▶ [ABOUT THIS EXERCISE]: All pictures are to be dropped, and the remaining data set down exactly.

▶ [DATA BLOCK]:
+ + +
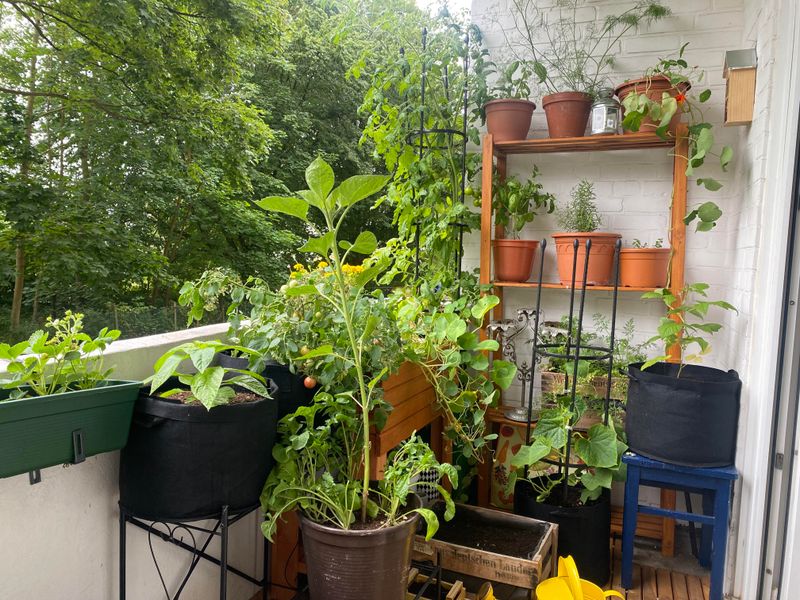 Form A Balcony Gardening Co-op With Neighbors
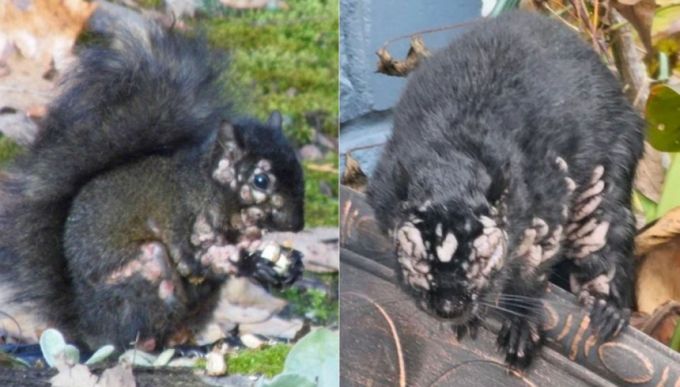 미국·캐나다에 주로 서식하는 회색 다람쥐 일부가 종양에 뒤덮인 채 발견되고 있다./사진=엑스(X·옛트위터)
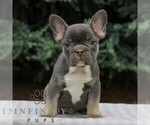 Small Photo #1 French Bulldog Puppy For Sale in EAST EARL, PA, USA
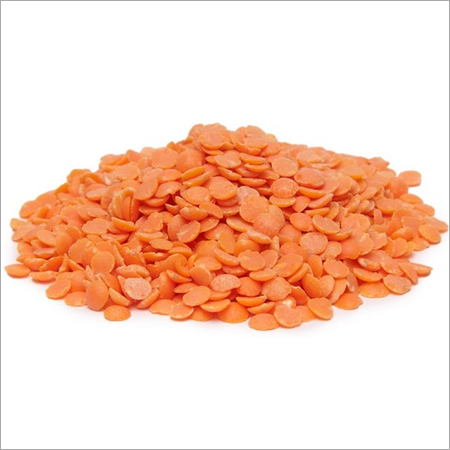 Red Lentil Masoor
+ + +
▶ [SOLUTION TO THE PROBLEM]:
 Form A Balcony Gardening Co-op With Neighbors
 미국·캐나다에 주로 서식하는 회색 다람쥐 일부가 종양에 뒤덮인 채 발견되고 있다./사진=엑스(X·옛트위터)
 Small Photo #1 French Bulldog Puppy For Sale in EAST EARL, PA, USA
 Red Lentil Masoor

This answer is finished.